Almost There! A Few More Tweaks…
April 29, 2006
Posted by Dan Edelen in : Technical Feedback : 13 comments
I’m getting there. This is an extraordinary amount of work, though. My family doesn’t even know me anymore.
Part of the issue is that the old blog was added to piecemeal over a few years. This one’s going up in two weeks.
Here’s a few things I’ve had to do since the last post:
1. Put in redirects in .htaccess file
2. Edit the old blog template to put links to the new blog on every page
3. Populate categories and edit posts to match
4. Deal with the post-name differences between Blogger and Wordpress
5. Fiddle with Wordpress plugins and possible other templates—I really wanted a three column layout, but haven’t found one that won’t require a ton of CSS recoding and works with the new Widget model
6. Move image files between domains
7. Use the Search and Replace plug-in to fix all the image links
8. Deal with CHMOD attribute issues
9. Learn German so I can understand the Wordpress plugin developers who are writing the coolest plugins (and install their work correctly—yikes!)

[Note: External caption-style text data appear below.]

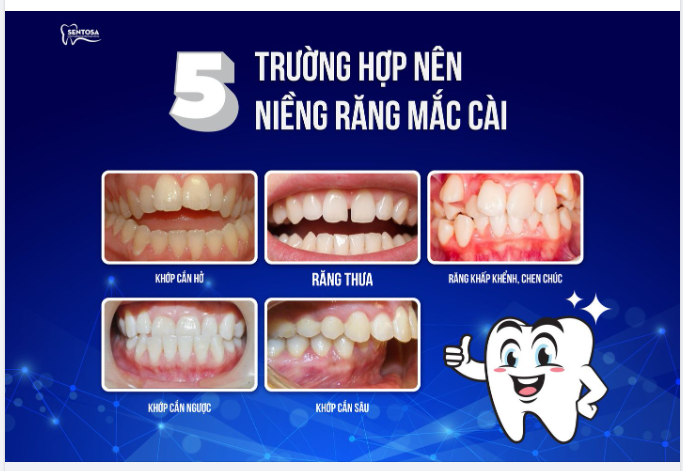 5 TRƯỜNG HỢP NÊN NIỀNG RĂNG MẮC CÀI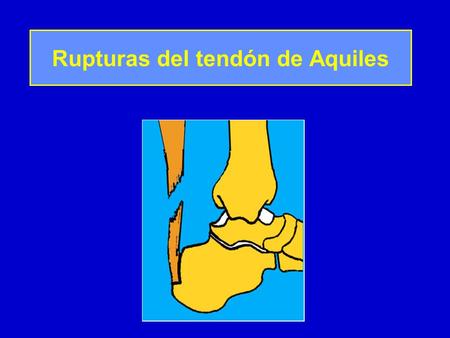 Rupturas del tendón de Aquiles
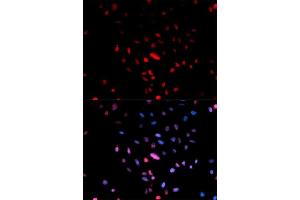 Immunofluorescence analysis of U2OS cell using Phospho-c-Jun-Ser73 antibody. (C-JUN Antikörper  (pSer73))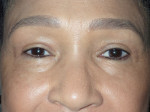 Female Eyelid Surgery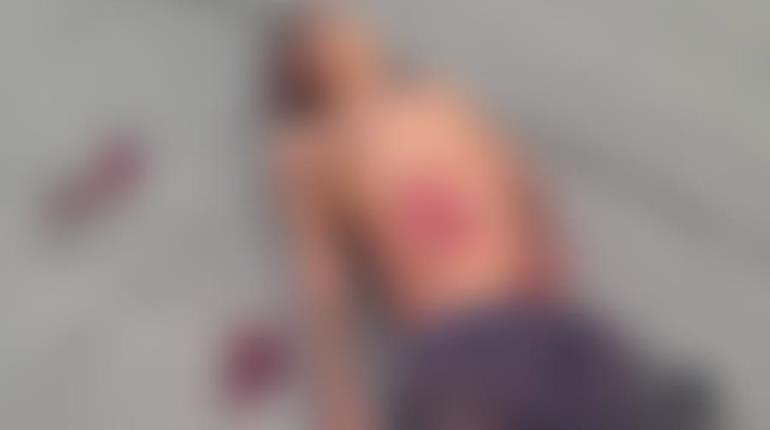 Atropellan a hombre en situación de calle en Periférico de Villahermosa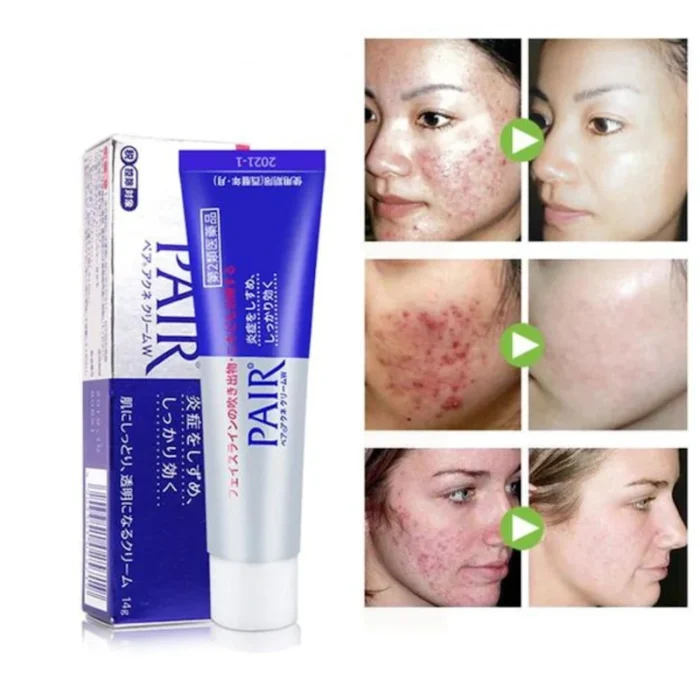 Pair Acne Cream W Lion - Ιαπωνικά Καλλυντικά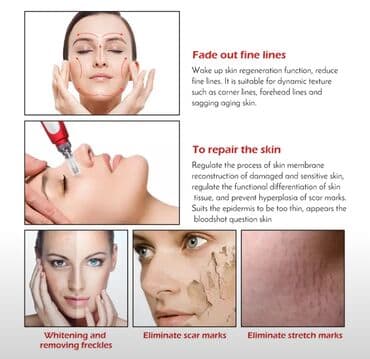 аппарат для прокол ушей: MYM Bayonet Derma pen, игольчатый картридж, устройство для — 1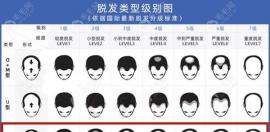 哇！m型脫發(fā)和o型脫發(fā)/頭頂稀疏的區(qū)別不止在于脫發(fā)原因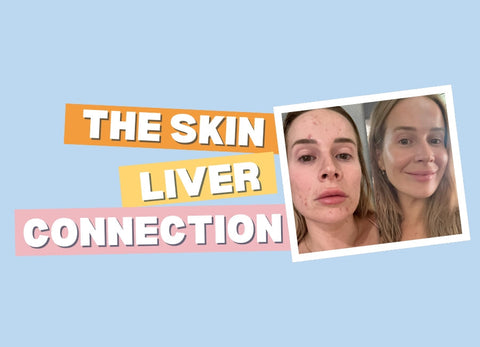 skin-liver-connection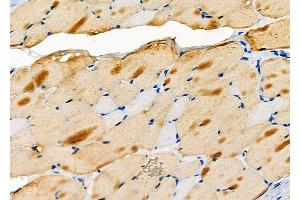 ABIN6257114 and ABIN6274151 at 1/100 staining Rat skin tissue by IHC-P. (CKM antibody  (N-Term))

The sad truth I’ve learned about the move is that there are too many issues still with Blogger to Wordpress imports, so a word to those who are considering the move:
1. You’ll lose all style formatting on text. Goodbye, boldface and italics…
2. The truncating of post_name data in Blogger really fouls up Google and breaks internal links like crazy. No easy fix.

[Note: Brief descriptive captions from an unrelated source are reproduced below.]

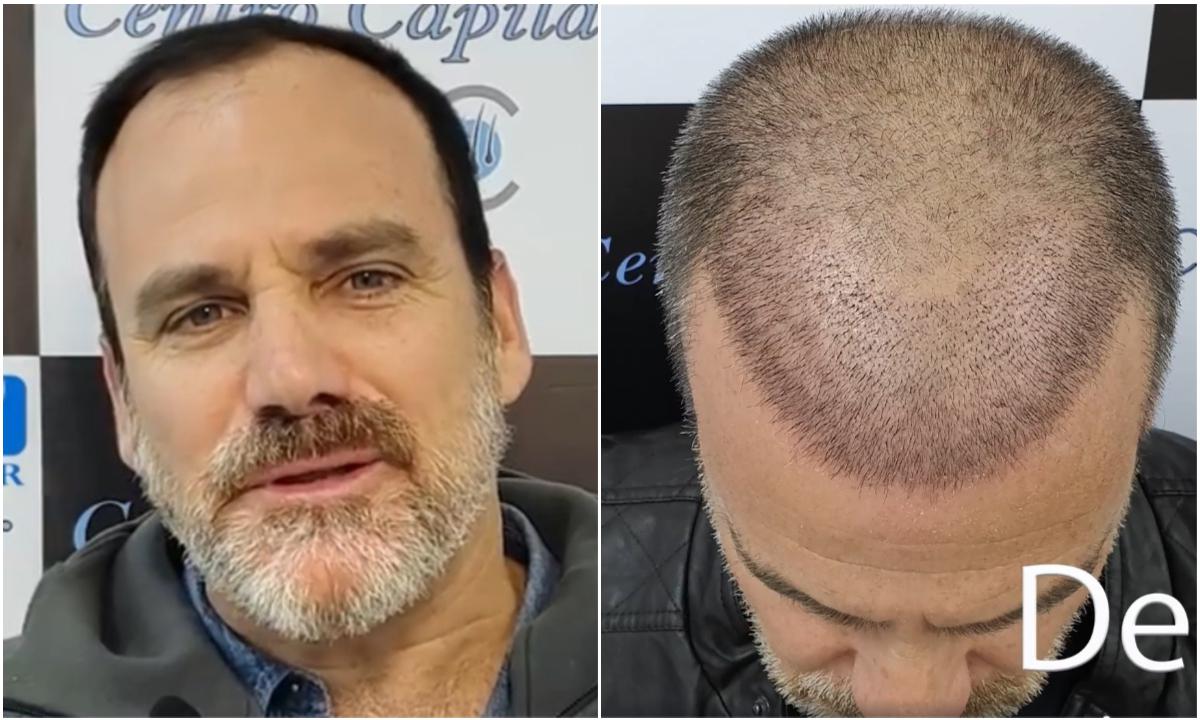 Omar Ruiz de Somocurcio protagonista de radical cambio físico tras implante capilar | VIDEO Facebook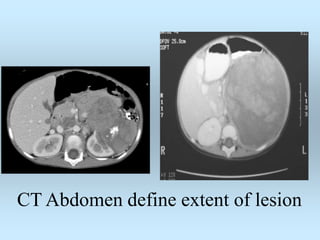 CT Abdomen define extent of lesion
 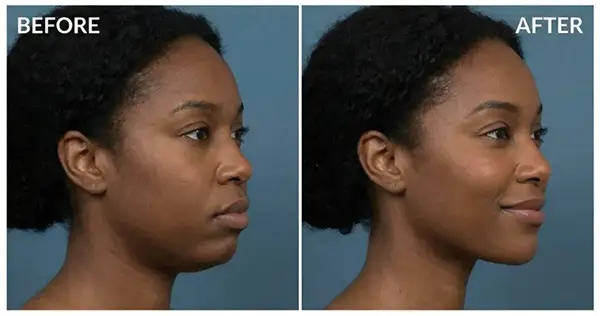 Cryofacial + Hydrofacial Snellville GA Before and After 1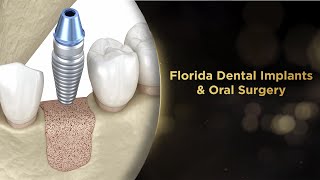 Single Dental Implant Procedure with Bone Grafting [upl. by Inihor]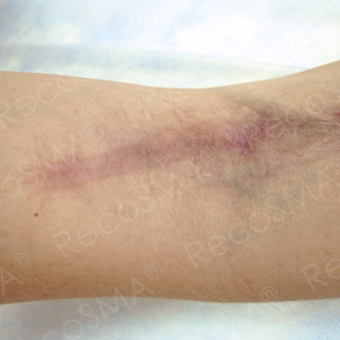 25-34 year old man treated with Scars Treatment after 3499142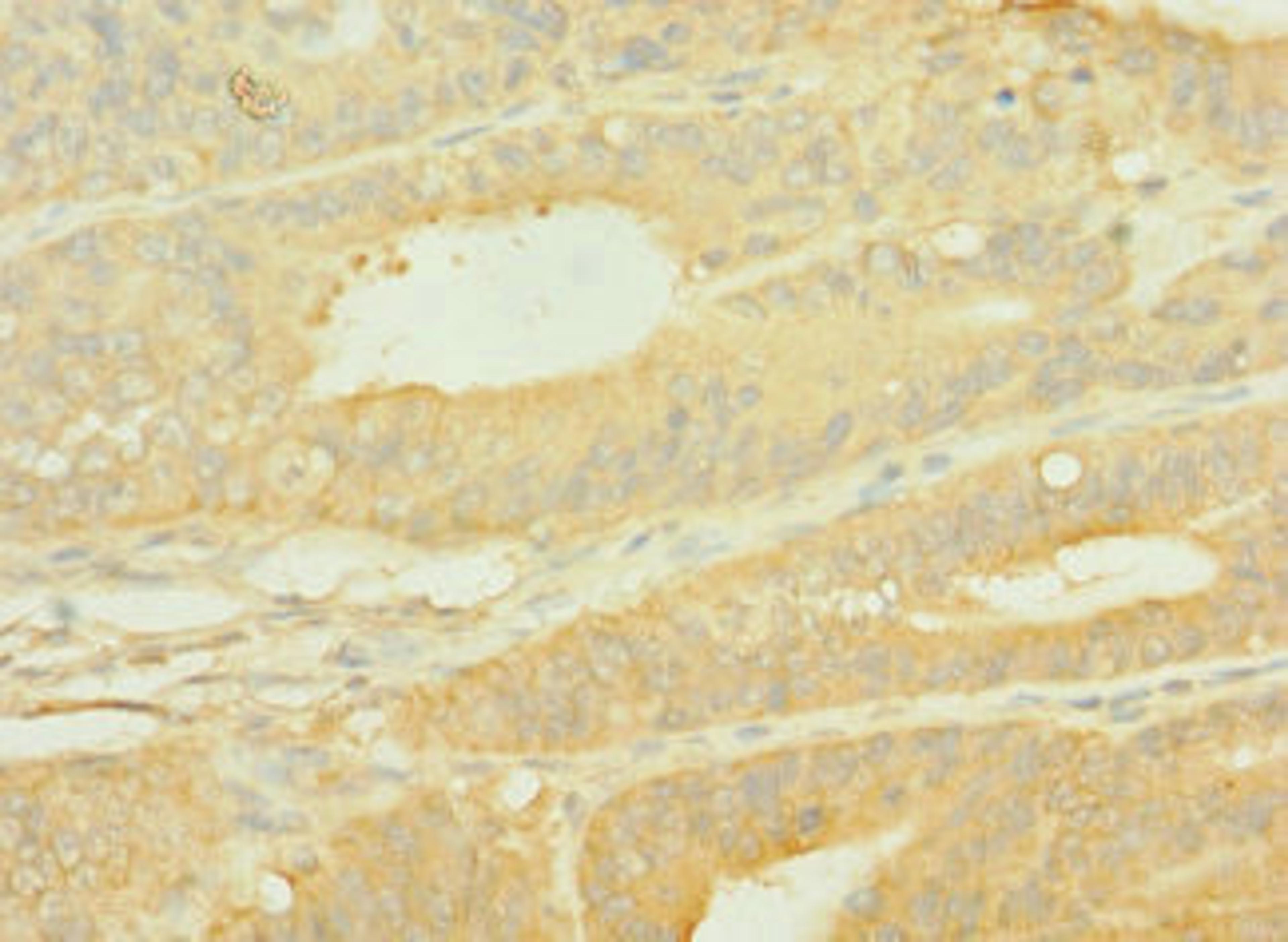 Immunohistochemistry of paraffin-embedded human endometrial cancer using CSB-PA622519LA01HU at dilution of 1:100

3. Kiss image alignment goodbye, too. You want word-wrap around images? Gotta redo it by hand.
4. Adding categories to old posts is a real pain.

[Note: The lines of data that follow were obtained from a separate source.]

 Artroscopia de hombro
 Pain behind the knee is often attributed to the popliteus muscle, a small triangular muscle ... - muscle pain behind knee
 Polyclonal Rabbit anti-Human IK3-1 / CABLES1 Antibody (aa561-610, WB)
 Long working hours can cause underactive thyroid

5. Half of all Wordpress plugins and themes have some quirk that render them less than useful or downright deadly. The other half don’t work with v2.0. There’s also an assumption by most developers that you’ll know exactly how to set the CHMOD for each plugin file correctly. Sure, you can fix most problems by setting everything to 666, but sometimes you’ll get that odd one that needs more permissions.
7. CSS’s linear arrangement on a printed page really stinks for trying to troubleshoot issues.
8. Someone pressure Apple to create blogging and Web layout software! They’re the only company that understands that not everyone can know everything about every detail of CSS3, XHTML, JS, and Ajax, even the total gearheads. If Apple had made all the software I’ve been using, I would have been done last week.
9. With all the fixes you need to make on an import, consider the truth that you’re ultimately going to have to fix everything by hand anyway. Despite the fact you can run a few MySQL routines to do global replacements, not every replacement can be tackled globally. When the post_name, image placement, and category issues are confronted, the hard truth is you’ll be hand-correcting almost every post. Ugh.
10. FTP’ing one big file is quick. FTP’ing a million small files is painstakingly slow, even over a high-speed connection. Client talks to server and says, “I’m sending a file. I want to put it here. If there ain’t no there there, create it. Now I want to load that file. Here’s how I want it uploaded. Make sure you’re ready to handle it now. Now handle it. And when you’re done, tell me everything there is to know about how you handled it. Now here’s another file….” Yuck! Wordpress developers love to make themes and plugins composed of hundreds of tiny PHP files. All I can figure is that they all have gigabit ethernet connections through fibre. Nothing else can explain a 3MB plugin that has 5,000 files.
And one last question for you CSS priests: I set the opacity on the wrapper on this site to 85% in order to let a little background through. I like the look, especially with a fixed background. Unfortunately, I can’t find a way in the CSS model to keep the opacity on all my images at 100%. Any ideas? The CSS source code is easy to view.
Thanks. Expect to see new, non-tech posts here for Monday!